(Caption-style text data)

====

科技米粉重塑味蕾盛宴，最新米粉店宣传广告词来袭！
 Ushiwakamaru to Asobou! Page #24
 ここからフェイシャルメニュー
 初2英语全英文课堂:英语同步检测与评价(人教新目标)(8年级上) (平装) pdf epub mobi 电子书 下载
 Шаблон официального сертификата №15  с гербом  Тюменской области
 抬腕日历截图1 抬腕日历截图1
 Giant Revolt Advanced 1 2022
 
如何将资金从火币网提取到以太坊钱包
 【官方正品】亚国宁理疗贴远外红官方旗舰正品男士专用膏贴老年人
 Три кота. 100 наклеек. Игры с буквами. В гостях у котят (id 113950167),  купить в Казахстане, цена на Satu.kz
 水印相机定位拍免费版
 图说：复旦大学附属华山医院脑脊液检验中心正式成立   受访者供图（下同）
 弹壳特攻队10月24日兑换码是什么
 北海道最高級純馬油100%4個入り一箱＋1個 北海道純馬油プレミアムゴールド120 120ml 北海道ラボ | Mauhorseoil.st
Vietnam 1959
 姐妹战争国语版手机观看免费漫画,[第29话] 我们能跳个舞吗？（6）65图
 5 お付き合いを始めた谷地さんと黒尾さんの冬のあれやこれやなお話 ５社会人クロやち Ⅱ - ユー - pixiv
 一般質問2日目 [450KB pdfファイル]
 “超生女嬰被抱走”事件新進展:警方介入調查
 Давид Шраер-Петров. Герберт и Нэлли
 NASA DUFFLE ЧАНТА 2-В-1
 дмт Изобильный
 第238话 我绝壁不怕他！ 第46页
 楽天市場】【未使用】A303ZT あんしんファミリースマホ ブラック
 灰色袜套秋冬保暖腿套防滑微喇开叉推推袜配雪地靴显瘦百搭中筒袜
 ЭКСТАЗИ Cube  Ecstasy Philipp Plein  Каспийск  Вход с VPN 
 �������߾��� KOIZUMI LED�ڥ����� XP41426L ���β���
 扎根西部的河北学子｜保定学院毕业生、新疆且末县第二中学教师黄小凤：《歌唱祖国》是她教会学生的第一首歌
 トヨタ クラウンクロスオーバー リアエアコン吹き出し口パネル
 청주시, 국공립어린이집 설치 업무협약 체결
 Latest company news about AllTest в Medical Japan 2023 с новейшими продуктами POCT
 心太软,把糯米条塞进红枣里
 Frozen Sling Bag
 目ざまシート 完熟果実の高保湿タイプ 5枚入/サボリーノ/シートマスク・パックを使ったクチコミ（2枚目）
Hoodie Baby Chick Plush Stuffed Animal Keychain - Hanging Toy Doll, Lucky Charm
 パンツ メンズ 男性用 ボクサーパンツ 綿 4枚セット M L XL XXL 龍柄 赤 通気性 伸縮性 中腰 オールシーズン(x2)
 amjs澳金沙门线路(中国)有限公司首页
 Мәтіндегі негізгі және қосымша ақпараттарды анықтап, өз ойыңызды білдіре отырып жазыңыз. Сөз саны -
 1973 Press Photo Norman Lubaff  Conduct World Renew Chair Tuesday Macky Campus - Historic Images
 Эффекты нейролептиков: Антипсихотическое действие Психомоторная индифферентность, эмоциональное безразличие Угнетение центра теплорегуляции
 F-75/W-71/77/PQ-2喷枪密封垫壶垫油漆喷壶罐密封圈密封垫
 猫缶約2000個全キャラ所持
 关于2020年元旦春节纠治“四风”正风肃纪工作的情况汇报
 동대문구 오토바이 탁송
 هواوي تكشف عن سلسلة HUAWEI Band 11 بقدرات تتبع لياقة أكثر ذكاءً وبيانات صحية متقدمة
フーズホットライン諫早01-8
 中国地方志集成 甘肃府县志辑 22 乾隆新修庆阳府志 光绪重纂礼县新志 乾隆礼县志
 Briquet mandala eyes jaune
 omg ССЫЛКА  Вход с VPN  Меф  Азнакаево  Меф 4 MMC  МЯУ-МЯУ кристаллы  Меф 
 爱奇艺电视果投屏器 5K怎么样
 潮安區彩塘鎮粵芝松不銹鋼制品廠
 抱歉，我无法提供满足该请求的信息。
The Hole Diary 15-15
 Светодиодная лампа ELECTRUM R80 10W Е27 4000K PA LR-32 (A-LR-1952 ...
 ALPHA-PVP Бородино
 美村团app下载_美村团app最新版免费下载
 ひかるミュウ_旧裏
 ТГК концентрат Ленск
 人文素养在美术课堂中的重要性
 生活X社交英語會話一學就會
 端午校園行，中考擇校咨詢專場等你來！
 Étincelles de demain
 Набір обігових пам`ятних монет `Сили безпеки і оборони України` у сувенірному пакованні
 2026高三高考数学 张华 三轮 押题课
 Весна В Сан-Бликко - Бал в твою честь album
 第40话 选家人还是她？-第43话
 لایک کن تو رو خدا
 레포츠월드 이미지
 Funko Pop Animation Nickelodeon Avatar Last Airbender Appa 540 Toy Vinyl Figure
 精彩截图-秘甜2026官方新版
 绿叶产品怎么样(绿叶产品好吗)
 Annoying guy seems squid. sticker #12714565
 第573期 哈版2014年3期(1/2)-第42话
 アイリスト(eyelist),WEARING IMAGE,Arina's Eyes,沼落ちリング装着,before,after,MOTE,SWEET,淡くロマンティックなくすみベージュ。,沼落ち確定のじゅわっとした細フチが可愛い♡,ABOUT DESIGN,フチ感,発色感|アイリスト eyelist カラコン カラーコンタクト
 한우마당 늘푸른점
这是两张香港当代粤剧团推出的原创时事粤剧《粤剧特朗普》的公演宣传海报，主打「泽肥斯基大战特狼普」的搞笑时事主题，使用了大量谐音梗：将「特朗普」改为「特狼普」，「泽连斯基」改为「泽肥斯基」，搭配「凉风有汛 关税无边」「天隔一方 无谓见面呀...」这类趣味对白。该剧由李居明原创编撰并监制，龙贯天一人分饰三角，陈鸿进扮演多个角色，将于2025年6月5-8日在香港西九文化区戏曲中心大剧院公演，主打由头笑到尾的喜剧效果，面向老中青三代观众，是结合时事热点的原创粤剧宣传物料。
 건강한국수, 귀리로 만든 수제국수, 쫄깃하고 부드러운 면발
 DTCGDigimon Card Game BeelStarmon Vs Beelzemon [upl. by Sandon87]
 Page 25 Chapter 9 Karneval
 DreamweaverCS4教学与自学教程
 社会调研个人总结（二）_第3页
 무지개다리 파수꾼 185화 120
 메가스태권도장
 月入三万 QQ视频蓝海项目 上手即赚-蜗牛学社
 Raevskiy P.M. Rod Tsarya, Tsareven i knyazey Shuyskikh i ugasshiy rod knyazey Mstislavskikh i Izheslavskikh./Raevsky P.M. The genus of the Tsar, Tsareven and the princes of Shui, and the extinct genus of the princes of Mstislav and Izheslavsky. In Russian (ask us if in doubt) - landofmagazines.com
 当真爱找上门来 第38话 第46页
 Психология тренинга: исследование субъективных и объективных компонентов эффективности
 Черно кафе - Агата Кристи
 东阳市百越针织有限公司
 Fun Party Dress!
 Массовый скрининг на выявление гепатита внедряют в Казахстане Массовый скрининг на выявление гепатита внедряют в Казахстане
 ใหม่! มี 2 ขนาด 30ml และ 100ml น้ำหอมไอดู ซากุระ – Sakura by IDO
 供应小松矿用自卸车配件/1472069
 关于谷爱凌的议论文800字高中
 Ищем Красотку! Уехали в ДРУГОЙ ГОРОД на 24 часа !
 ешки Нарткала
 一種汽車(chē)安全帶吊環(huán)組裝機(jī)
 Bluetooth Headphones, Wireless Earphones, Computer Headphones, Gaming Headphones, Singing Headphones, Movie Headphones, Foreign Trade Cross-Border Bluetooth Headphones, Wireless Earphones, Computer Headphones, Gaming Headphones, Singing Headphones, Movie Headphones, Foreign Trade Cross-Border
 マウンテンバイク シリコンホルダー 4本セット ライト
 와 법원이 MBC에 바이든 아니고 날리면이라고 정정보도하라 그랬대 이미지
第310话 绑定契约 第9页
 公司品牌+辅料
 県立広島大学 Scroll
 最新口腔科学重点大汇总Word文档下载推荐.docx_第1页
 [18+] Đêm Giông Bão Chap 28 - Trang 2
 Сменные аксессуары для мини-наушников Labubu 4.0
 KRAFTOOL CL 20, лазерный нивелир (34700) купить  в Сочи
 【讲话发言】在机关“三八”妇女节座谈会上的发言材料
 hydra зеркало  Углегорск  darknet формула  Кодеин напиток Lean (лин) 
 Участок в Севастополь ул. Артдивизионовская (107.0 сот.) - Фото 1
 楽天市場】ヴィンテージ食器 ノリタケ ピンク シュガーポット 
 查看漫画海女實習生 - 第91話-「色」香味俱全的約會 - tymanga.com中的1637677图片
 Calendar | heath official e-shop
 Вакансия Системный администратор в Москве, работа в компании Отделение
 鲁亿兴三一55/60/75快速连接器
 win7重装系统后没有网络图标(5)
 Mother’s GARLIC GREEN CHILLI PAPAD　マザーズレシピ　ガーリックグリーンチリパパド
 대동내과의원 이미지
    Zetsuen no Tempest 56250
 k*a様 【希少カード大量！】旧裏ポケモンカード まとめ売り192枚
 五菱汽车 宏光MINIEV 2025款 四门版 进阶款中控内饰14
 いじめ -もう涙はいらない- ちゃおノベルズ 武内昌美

====

Reproduce exactly the lines from the beginning of the entries above up to and including the line that contains "潮安區彩塘鎮粵芝松不銹鋼制品廠".

科技米粉重塑味蕾盛宴，最新米粉店宣传广告词来袭！
 Ushiwakamaru to Asobou! Page #24
 ここからフェイシャルメニュー
 初2英语全英文课堂:英语同步检测与评价(人教新目标)(8年级上) (平装) pdf epub mobi 电子书 下载
 Шаблон официального сертификата №15  с гербом  Тюменской области
 抬腕日历截图1 抬腕日历截图1
 Giant Revolt Advanced 1 2022
 
如何将资金从火币网提取到以太坊钱包
 【官方正品】亚国宁理疗贴远外红官方旗舰正品男士专用膏贴老年人
 Три кота. 100 наклеек. Игры с буквами. В гостях у котят (id 113950167),  купить в Казахстане, цена на Satu.kz
 水印相机定位拍免费版
 图说：复旦大学附属华山医院脑脊液检验中心正式成立   受访者供图（下同）
 弹壳特攻队10月24日兑换码是什么
 北海道最高級純馬油100%4個入り一箱＋1個 北海道純馬油プレミアムゴールド120 120ml 北海道ラボ | Mauhorseoil.st
Vietnam 1959
 姐妹战争国语版手机观看免费漫画,[第29话] 我们能跳个舞吗？（6）65图
 5 お付き合いを始めた谷地さんと黒尾さんの冬のあれやこれやなお話 ５社会人クロやち Ⅱ - ユー - pixiv
 一般質問2日目 [450KB pdfファイル]
 “超生女嬰被抱走”事件新進展:警方介入調查
 Давид Шраер-Петров. Герберт и Нэлли
 NASA DUFFLE ЧАНТА 2-В-1
 дмт Изобильный
 第238话 我绝壁不怕他！ 第46页
 楽天市場】【未使用】A303ZT あんしんファミリースマホ ブラック
 灰色袜套秋冬保暖腿套防滑微喇开叉推推袜配雪地靴显瘦百搭中筒袜
 ЭКСТАЗИ Cube  Ecstasy Philipp Plein  Каспийск  Вход с VPN 
 �������߾��� KOIZUMI LED�ڥ����� XP41426L ���β���
 扎根西部的河北学子｜保定学院毕业生、新疆且末县第二中学教师黄小凤：《歌唱祖国》是她教会学生的第一首歌
 トヨタ クラウンクロスオーバー リアエアコン吹き出し口パネル
 청주시, 국공립어린이집 설치 업무협약 체결
 Latest company news about AllTest в Medical Japan 2023 с новейшими продуктами POCT
 心太软,把糯米条塞进红枣里
 Frozen Sling Bag
 目ざまシート 完熟果実の高保湿タイプ 5枚入/サボリーノ/シートマスク・パックを使ったクチコミ（2枚目）
Hoodie Baby Chick Plush Stuffed Animal Keychain - Hanging Toy Doll, Lucky Charm
 パンツ メンズ 男性用 ボクサーパンツ 綿 4枚セット M L XL XXL 龍柄 赤 通気性 伸縮性 中腰 オールシーズン(x2)
 amjs澳金沙门线路(中国)有限公司首页
 Мәтіндегі негізгі және қосымша ақпараттарды анықтап, өз ойыңызды білдіре отырып жазыңыз. Сөз саны -
 1973 Press Photo Norman Lubaff  Conduct World Renew Chair Tuesday Macky Campus - Historic Images
 Эффекты нейролептиков: Антипсихотическое действие Психомоторная индифферентность, эмоциональное безразличие Угнетение центра теплорегуляции
 F-75/W-71/77/PQ-2喷枪密封垫壶垫油漆喷壶罐密封圈密封垫
 猫缶約2000個全キャラ所持
 关于2020年元旦春节纠治“四风”正风肃纪工作的情况汇报
 동대문구 오토바이 탁송
 هواوي تكشف عن سلسلة HUAWEI Band 11 بقدرات تتبع لياقة أكثر ذكاءً وبيانات صحية متقدمة
フーズホットライン諫早01-8
 中国地方志集成 甘肃府县志辑 22 乾隆新修庆阳府志 光绪重纂礼县新志 乾隆礼县志
 Briquet mandala eyes jaune
 omg ССЫЛКА  Вход с VPN  Меф  Азнакаево  Меф 4 MMC  МЯУ-МЯУ кристаллы  Меф 
 爱奇艺电视果投屏器 5K怎么样
 潮安區彩塘鎮粵芝松不銹鋼制品廠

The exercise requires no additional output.